Task prompt. Exactly the lines from the one with "Captivating Underwater Cave" through the final line of the entries, and nothing else, should appear in the answer; no pictures go in it.

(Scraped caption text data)
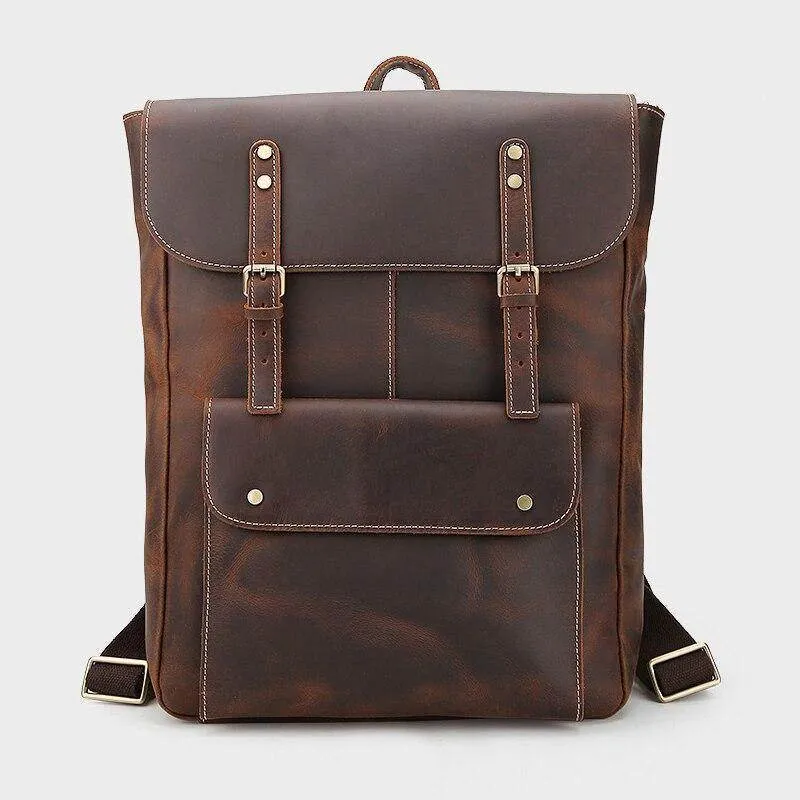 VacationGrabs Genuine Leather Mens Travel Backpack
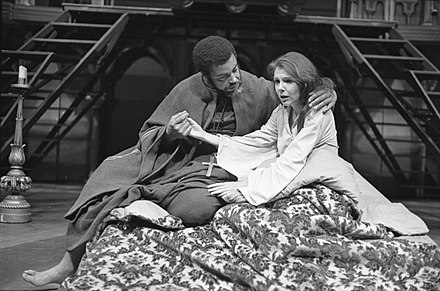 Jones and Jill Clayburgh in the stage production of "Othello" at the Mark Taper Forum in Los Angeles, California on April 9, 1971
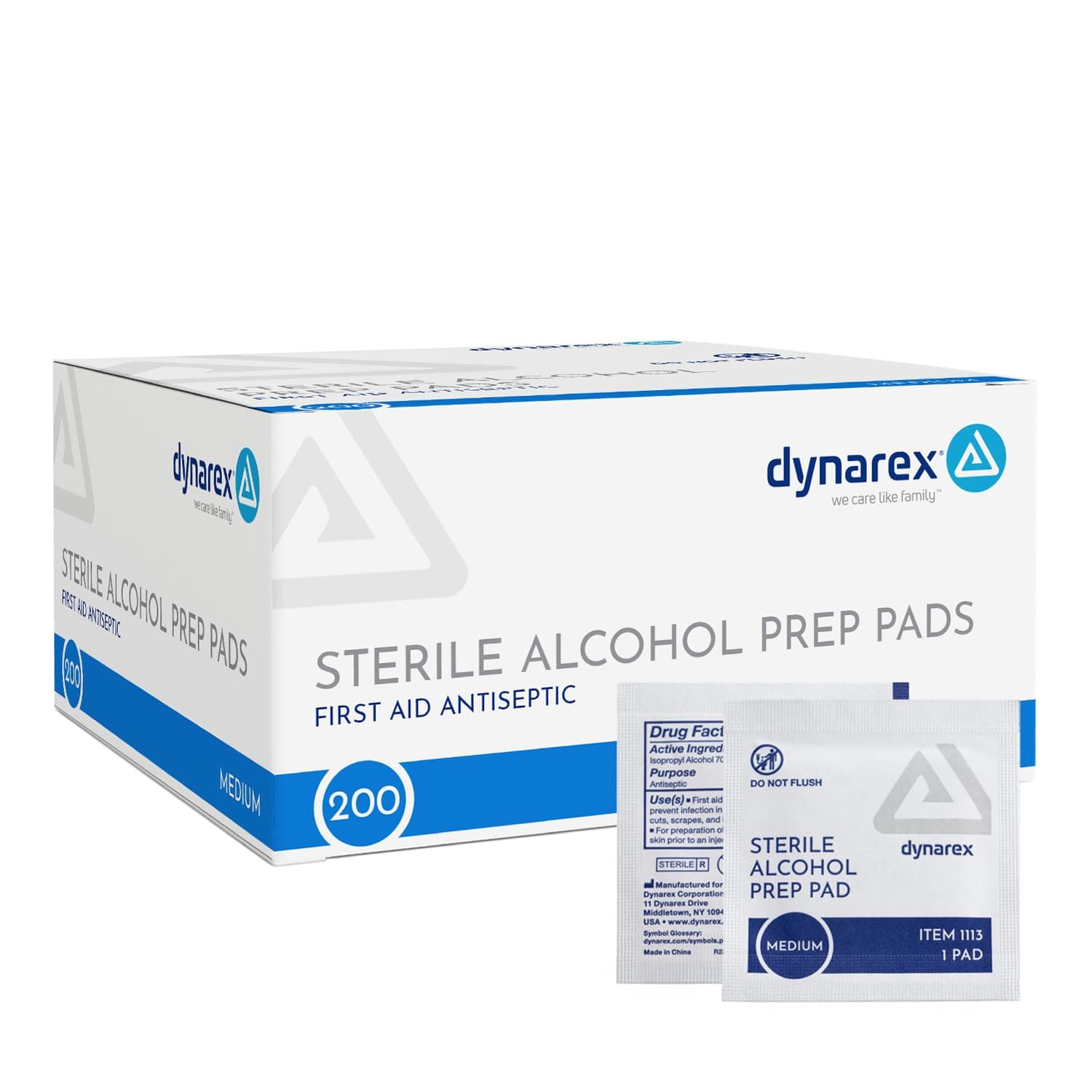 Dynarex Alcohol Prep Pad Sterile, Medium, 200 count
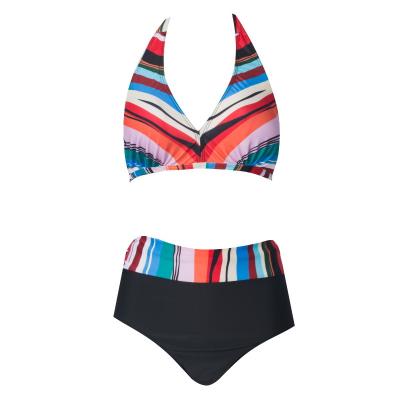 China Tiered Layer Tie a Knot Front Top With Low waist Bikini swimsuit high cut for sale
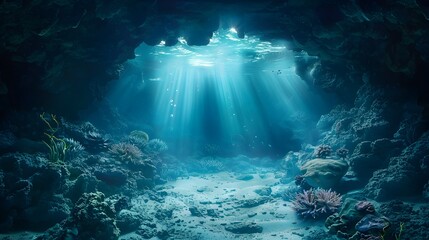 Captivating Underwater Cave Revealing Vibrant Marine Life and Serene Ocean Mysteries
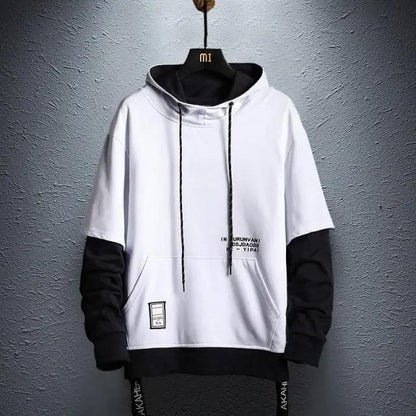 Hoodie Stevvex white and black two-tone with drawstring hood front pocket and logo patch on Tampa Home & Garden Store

Response to the exercise.
 Captivating Underwater Cave Revealing Vibrant Marine Life and Serene Ocean Mysteries
 Hoodie Stevvex white and black two-tone with drawstring hood front pocket and logo patch on Tampa Home & Garden Store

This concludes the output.